** Information supplied follows **

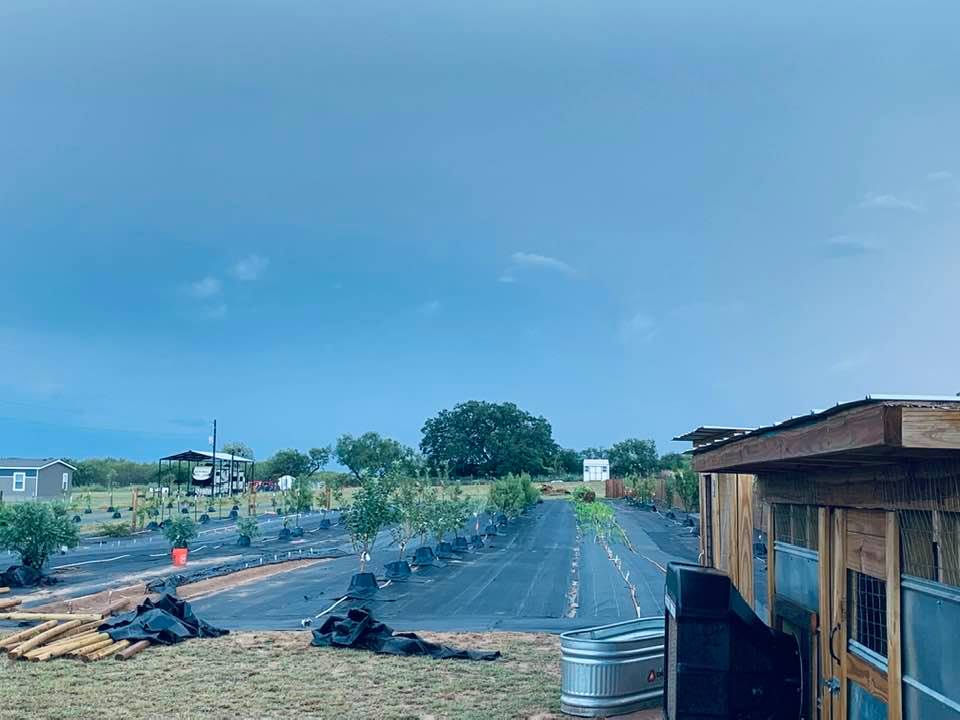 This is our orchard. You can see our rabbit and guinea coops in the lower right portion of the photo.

** End of Information supplied **
** Information supplied follows **

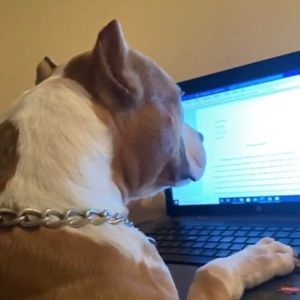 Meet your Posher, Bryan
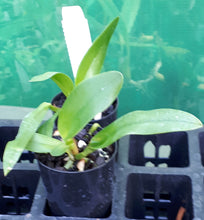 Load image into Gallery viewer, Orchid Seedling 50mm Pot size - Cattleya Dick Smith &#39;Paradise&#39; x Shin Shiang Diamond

** End of Information supplied **

-- Task details --
Within the listing above, the lines starting at the one containing "Meet your Posher, Bryan" and ending at the one containing "Load image into" are to be returned exactly. Omit the pictures.

-- Output --
 Meet your Posher, Bryan
 Load image into Gallery viewer, Orchid Seedling 50mm Pot size - Cattleya Dick Smith &#39;Paradise&#39; x Shin Shiang Diamond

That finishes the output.